In summary, we demonstrate that the calcium-regulated transcription factor NFATC2 regulates muscle growth. These data implicate an NFAT-dependent pathway in newly formed myotubes that controls further cell fusion in a mechanism that is distinct from the initial formation of multinucleated muscle cells. Myoblast fusion with multinucleated cells is central to proper muscle development but is also clinically relevant. Enhancing myoblast fusion with multinucleated cells has potential therapeutic value by improving the fusion of endogenous myoblasts in the treatment of muscle injuries or muscle atrophy or by enhancing the fusion of exogenous transplanted myoblasts in gene therapy protocols (Blau and Springer 1995). Both myotonic dystrophy (Farkas-Bargeton et al. 1988) and centronuclear myopathy (Wockel et al. 1998) are characterized by reduced myofiber size, suggesting that myoblast fusion may be defective in these muscle disorders. Further studies will be directed towards identifying genes regulated by NFATC2 and their regulation of the fusion of differentiated muscle cells with multinucleated muscle cells.

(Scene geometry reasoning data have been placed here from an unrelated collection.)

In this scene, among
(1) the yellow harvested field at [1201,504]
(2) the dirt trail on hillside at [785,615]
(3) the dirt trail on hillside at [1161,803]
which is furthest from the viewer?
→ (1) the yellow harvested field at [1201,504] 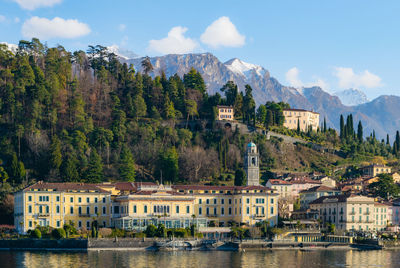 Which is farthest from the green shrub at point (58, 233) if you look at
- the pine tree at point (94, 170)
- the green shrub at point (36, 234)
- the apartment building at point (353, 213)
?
the apartment building at point (353, 213)

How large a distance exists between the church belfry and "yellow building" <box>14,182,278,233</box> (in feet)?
48.8

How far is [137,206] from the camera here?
103 m

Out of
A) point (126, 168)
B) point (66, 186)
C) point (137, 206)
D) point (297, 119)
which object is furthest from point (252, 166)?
point (297, 119)

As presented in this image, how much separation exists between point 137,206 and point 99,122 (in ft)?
124

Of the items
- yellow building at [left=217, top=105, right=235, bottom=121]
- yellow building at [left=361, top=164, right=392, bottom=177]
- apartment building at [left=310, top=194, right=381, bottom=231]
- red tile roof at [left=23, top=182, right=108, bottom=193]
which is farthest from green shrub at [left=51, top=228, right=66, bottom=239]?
yellow building at [left=361, top=164, right=392, bottom=177]

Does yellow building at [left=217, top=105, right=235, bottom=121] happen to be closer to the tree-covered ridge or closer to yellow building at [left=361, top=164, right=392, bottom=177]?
the tree-covered ridge

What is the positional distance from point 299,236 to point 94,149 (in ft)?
128

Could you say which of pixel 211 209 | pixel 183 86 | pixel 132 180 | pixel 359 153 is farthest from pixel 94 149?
pixel 359 153

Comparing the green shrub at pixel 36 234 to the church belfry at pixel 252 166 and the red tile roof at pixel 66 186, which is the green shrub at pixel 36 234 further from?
the church belfry at pixel 252 166

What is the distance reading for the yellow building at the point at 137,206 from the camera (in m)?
102

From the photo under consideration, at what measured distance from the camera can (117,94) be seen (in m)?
146

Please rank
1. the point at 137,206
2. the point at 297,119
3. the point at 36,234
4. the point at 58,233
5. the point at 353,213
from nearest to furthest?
the point at 58,233, the point at 36,234, the point at 137,206, the point at 353,213, the point at 297,119

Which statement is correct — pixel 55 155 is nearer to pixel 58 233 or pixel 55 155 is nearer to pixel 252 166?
pixel 58 233

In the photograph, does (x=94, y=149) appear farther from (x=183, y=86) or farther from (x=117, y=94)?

We thank Dr. Laurie Glimcher (Harvard School of Public Health, Boston, MA) for the original breeding pairs of NFATC2−/− and NFATC3−/− mice and the pREP4-NFATC2 construct.
This work was supported by National Institutes of Health grants DE11987, DE13040, and AR43410 to G.K. Pavlath.
Abbreviations used in this paper: CSA, cross-sectional area; DM, differentiation medium; EMyHC, embryonic MyHC; MyHC, myosin heavy chain; NFAT, nuclear factor of activated T cells; RT, reverse transcription; TA, tibialis anterior.